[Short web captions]
╔══

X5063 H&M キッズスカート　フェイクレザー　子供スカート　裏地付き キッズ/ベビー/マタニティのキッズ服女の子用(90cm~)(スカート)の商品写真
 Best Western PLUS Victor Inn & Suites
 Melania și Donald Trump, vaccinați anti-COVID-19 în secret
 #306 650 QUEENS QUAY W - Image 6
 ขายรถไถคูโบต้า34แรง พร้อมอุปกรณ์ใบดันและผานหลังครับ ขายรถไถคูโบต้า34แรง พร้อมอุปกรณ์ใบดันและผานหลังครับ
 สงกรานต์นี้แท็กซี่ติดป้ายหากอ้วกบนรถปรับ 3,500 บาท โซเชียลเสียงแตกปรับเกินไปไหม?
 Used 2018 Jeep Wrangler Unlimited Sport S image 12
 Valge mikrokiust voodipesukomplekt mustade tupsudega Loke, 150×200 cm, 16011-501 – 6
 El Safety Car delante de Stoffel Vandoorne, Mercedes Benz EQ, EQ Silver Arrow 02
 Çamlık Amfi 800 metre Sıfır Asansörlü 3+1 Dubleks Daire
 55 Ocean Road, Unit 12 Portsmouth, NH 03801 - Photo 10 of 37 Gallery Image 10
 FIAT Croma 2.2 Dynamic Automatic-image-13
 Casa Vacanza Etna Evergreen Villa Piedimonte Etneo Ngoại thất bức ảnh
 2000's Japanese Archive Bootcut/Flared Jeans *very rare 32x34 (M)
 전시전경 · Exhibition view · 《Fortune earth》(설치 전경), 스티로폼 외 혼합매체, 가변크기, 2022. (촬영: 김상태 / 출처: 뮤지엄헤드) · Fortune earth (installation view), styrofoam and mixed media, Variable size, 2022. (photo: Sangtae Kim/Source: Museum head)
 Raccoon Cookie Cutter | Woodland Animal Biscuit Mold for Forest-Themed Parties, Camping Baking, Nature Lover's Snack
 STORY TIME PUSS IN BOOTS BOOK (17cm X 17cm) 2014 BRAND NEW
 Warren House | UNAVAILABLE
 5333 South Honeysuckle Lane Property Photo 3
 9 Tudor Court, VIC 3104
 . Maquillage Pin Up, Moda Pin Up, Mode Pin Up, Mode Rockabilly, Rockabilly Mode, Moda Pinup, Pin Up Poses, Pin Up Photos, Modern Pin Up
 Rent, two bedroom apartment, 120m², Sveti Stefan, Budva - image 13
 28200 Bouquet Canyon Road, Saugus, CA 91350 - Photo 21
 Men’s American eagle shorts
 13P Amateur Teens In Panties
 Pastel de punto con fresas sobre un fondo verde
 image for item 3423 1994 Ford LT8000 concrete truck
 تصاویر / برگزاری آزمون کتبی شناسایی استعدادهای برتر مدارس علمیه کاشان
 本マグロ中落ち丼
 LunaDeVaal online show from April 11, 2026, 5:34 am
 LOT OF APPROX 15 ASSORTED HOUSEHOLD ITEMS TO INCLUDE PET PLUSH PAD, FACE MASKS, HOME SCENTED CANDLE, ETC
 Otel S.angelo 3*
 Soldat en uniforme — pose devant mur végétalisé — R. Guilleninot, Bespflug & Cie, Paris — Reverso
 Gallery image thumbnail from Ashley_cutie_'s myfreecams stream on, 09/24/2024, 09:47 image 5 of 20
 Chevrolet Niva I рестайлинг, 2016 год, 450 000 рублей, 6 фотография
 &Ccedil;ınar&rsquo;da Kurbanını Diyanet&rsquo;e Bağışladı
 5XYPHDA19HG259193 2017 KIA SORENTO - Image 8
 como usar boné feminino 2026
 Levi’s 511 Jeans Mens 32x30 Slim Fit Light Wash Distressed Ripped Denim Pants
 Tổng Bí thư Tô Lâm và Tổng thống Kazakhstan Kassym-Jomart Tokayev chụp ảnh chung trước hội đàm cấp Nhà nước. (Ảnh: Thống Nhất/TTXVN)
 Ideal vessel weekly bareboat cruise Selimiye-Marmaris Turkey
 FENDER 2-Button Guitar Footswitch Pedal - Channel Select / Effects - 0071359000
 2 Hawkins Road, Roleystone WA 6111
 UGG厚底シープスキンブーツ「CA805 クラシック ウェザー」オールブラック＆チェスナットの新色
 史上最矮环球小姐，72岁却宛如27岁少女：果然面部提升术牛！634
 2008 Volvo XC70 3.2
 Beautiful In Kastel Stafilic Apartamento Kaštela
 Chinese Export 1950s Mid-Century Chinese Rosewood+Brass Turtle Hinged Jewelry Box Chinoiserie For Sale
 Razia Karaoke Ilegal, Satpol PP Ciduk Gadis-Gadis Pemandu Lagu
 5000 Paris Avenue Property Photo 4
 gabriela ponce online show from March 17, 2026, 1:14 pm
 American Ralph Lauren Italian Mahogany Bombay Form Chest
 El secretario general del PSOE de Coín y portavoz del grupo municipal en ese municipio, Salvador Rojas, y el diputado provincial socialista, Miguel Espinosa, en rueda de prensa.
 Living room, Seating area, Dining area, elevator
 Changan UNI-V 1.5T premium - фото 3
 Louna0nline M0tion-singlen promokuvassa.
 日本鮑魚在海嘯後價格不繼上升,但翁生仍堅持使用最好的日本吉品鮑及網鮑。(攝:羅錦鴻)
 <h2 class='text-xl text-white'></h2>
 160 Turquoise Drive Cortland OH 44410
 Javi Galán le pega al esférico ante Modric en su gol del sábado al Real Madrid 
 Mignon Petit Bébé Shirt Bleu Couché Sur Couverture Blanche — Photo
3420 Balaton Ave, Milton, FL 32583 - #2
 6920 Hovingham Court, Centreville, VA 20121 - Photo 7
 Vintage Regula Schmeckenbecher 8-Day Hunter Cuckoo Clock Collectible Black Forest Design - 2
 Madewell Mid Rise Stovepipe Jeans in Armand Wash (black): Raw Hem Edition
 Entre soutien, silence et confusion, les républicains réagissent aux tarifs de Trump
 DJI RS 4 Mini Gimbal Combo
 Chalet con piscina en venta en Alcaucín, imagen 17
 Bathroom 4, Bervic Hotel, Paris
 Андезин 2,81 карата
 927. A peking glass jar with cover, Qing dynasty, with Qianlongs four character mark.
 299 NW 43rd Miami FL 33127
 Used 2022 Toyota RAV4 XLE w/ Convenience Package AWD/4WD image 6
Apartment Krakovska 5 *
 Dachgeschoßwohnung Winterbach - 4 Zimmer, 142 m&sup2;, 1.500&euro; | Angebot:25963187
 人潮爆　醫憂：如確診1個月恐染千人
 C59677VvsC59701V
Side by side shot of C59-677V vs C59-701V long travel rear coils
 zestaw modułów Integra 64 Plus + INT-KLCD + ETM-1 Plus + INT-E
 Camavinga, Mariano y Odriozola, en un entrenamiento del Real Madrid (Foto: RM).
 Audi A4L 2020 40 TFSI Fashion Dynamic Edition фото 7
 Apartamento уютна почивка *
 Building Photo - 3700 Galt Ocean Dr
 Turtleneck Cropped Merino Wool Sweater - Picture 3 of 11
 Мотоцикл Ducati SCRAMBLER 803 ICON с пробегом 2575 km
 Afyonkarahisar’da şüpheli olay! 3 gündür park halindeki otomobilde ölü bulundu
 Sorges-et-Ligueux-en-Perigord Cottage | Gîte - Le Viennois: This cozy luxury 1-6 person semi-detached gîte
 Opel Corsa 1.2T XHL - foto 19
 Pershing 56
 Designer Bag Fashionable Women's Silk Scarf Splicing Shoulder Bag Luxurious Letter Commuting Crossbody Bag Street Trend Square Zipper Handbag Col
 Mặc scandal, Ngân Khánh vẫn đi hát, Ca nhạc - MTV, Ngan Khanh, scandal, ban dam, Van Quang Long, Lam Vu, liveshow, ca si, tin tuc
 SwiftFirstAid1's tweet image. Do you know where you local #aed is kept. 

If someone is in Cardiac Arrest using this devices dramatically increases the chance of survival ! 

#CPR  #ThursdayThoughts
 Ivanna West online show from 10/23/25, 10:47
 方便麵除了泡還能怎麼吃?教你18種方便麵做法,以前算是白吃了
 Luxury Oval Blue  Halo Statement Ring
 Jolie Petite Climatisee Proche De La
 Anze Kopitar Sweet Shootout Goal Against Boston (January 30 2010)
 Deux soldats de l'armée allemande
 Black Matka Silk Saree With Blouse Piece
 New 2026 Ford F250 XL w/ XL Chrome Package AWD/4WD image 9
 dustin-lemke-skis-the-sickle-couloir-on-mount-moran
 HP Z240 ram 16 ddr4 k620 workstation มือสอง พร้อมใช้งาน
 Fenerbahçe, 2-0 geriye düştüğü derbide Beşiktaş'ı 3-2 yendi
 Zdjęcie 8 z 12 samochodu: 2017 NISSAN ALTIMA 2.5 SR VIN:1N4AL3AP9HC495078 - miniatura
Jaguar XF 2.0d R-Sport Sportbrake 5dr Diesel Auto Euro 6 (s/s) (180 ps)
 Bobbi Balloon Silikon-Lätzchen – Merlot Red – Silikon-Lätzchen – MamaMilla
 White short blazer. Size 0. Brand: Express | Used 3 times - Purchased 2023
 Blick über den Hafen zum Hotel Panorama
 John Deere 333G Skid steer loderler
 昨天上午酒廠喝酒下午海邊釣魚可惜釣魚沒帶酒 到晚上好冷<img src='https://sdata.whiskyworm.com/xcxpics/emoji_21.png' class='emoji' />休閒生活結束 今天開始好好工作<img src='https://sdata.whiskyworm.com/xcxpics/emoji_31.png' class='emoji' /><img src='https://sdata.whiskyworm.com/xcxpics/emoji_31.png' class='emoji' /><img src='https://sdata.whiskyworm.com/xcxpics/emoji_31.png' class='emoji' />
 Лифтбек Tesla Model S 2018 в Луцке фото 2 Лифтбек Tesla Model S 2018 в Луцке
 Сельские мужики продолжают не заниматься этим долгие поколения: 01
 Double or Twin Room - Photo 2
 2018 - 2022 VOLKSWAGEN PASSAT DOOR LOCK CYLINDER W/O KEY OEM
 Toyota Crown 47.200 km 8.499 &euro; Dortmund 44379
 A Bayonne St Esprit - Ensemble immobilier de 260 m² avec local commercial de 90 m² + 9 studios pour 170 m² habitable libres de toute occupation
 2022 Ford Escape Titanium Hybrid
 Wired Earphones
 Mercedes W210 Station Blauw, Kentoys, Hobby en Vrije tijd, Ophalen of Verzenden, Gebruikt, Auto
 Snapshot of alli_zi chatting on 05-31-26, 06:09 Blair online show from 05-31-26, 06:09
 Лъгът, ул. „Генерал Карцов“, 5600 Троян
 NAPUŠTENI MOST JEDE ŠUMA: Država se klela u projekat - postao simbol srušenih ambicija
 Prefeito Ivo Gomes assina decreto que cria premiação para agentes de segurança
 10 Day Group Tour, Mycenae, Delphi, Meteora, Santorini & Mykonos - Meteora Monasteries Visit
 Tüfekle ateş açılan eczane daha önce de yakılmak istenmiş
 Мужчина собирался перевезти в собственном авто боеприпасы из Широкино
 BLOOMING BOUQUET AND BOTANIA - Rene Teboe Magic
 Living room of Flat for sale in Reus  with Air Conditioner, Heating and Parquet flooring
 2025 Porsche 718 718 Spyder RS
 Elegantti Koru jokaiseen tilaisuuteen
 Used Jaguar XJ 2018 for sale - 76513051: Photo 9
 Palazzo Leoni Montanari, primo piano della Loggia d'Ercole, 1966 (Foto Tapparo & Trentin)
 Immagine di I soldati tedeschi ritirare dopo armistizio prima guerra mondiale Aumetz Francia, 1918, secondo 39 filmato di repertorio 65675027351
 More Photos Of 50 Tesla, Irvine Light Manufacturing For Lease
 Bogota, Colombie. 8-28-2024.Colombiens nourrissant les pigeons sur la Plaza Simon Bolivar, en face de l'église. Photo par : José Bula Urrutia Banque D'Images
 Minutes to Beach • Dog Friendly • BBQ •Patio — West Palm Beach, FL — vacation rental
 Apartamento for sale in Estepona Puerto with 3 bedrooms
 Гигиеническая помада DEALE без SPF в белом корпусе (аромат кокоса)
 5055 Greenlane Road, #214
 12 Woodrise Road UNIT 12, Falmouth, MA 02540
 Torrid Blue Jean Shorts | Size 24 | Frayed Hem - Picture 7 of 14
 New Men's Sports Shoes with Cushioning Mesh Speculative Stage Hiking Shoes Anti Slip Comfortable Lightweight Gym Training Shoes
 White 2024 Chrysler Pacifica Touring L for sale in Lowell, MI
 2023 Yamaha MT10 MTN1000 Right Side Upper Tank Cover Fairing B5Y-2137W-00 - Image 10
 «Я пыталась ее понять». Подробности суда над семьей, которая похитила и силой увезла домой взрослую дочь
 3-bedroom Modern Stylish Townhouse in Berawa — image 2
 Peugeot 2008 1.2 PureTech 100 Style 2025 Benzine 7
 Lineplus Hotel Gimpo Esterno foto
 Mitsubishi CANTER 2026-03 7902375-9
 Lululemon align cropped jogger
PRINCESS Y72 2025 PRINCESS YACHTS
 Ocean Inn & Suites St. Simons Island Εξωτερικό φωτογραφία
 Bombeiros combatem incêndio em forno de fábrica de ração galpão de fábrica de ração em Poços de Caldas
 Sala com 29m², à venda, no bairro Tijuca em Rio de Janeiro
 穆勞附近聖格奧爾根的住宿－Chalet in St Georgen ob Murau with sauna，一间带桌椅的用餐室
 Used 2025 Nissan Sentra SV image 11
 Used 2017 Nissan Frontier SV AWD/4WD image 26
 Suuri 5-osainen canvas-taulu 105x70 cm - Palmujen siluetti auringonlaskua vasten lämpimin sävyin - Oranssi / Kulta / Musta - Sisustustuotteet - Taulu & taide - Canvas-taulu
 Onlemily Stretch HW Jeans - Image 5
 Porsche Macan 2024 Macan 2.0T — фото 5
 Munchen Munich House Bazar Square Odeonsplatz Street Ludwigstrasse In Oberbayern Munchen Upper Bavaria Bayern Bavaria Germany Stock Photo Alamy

╚══

[Exercise description] Among the records, find every line holding the word "Package" and copy it.

[Task output]
 Used 2022 Toyota RAV4 XLE w/ Convenience Package AWD/4WD image 6
 New 2026 Ford F250 XL w/ XL Chrome Package AWD/4WD image 9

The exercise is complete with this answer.